Problem requirements. Pictures must not appear in the copy. Restate exactly the lines below from the one with "vidaXL Raised Garden" through the one with "Wlntrophic Drawstring Laundry", inclusive.

(Information provided begins)

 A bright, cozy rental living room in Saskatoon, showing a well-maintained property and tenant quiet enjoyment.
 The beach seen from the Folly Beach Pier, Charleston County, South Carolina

(Information provided ends)
(Information provided begins)

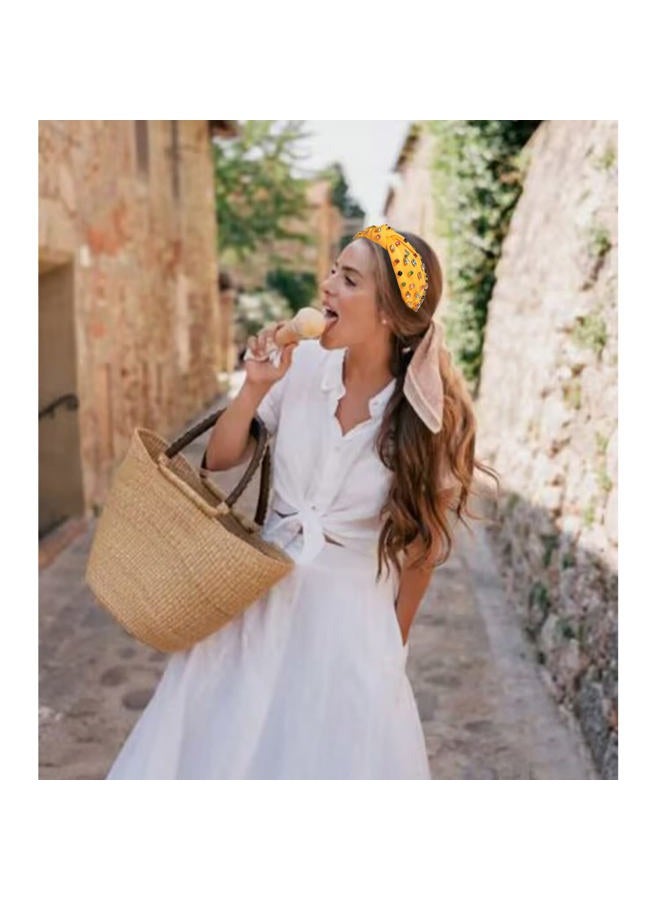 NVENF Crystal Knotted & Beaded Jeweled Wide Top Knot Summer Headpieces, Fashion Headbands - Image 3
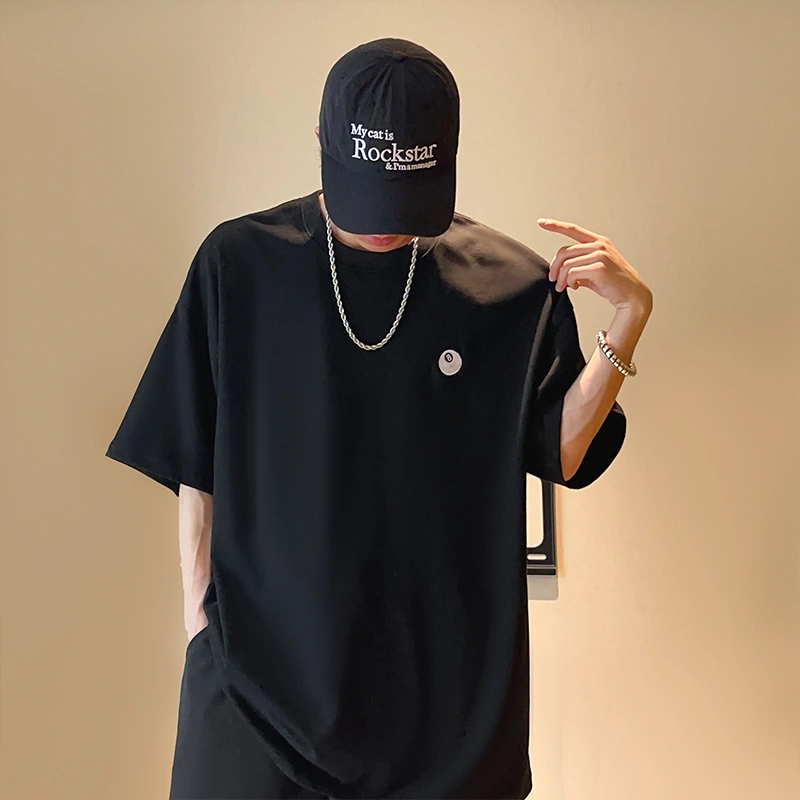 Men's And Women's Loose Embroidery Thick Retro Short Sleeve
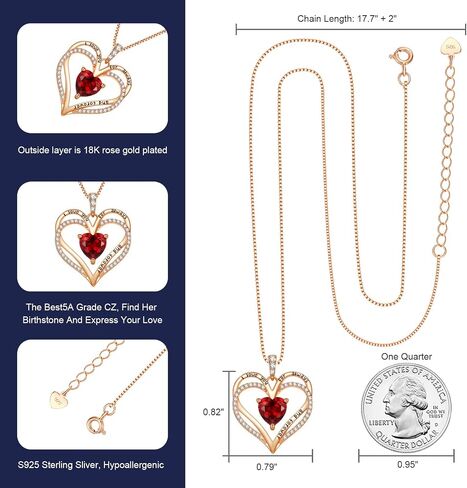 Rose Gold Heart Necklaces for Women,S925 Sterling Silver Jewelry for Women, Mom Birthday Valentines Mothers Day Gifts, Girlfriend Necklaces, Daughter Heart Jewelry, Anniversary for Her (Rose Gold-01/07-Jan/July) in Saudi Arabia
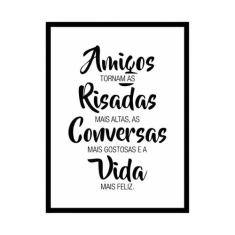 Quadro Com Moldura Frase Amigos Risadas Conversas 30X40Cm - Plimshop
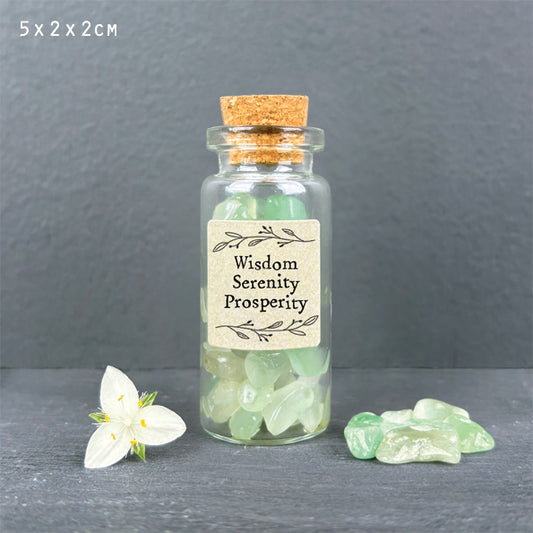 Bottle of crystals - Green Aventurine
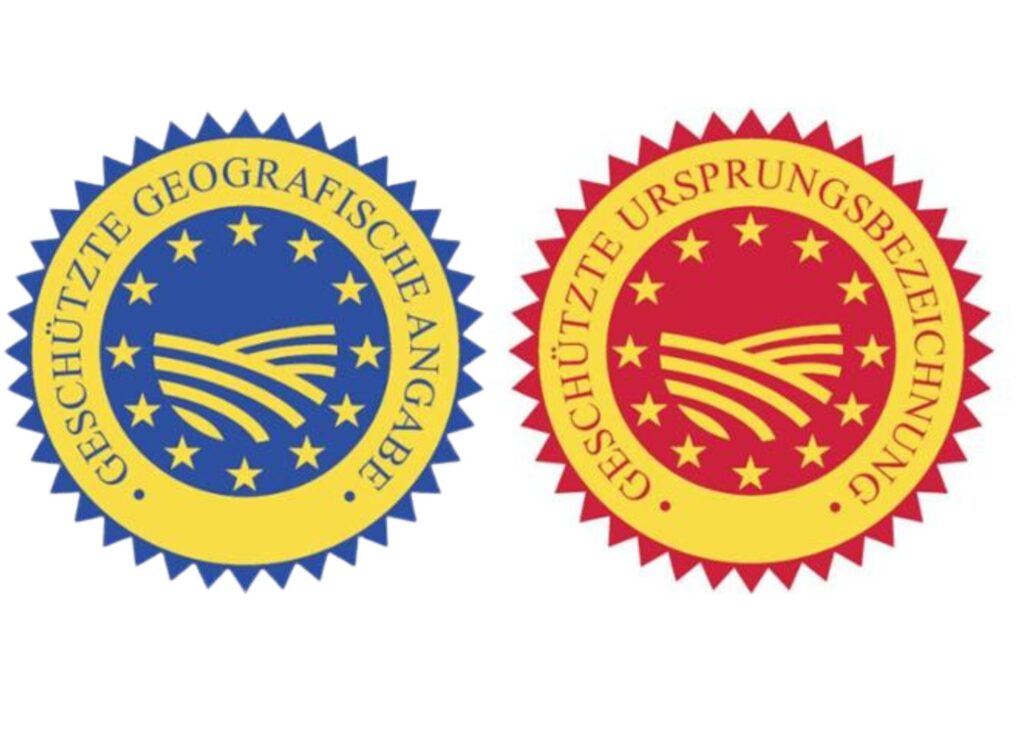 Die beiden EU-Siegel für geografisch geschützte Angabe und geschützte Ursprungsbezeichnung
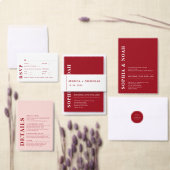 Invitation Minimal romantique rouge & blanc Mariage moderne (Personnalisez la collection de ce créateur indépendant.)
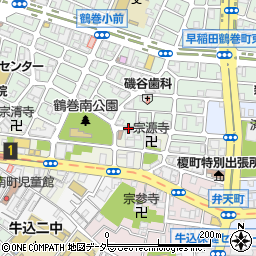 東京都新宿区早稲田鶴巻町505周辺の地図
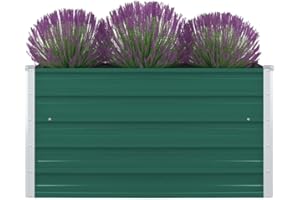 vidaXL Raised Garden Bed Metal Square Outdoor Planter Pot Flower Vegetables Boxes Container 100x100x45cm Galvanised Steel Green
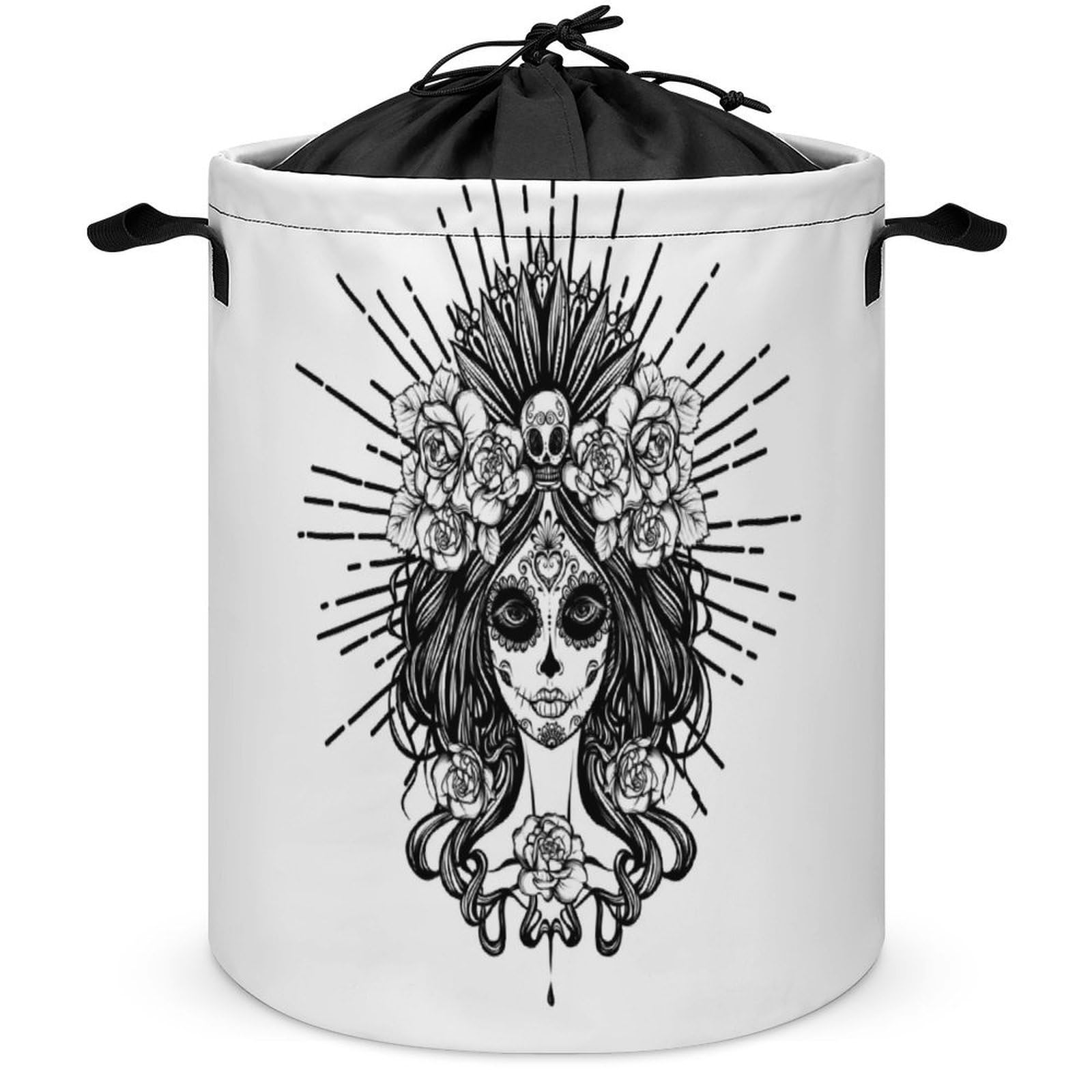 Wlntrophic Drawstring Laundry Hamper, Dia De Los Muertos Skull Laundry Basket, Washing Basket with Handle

(Information provided ends)

Solution below.
 vidaXL Raised Garden Bed Metal Square Outdoor Planter Pot Flower Vegetables Boxes Container 100x100x45cm Galvanised Steel Green
 Wlntrophic Drawstring Laundry Hamper, Dia De Los Muertos Skull Laundry Basket, Washing Basket with Handle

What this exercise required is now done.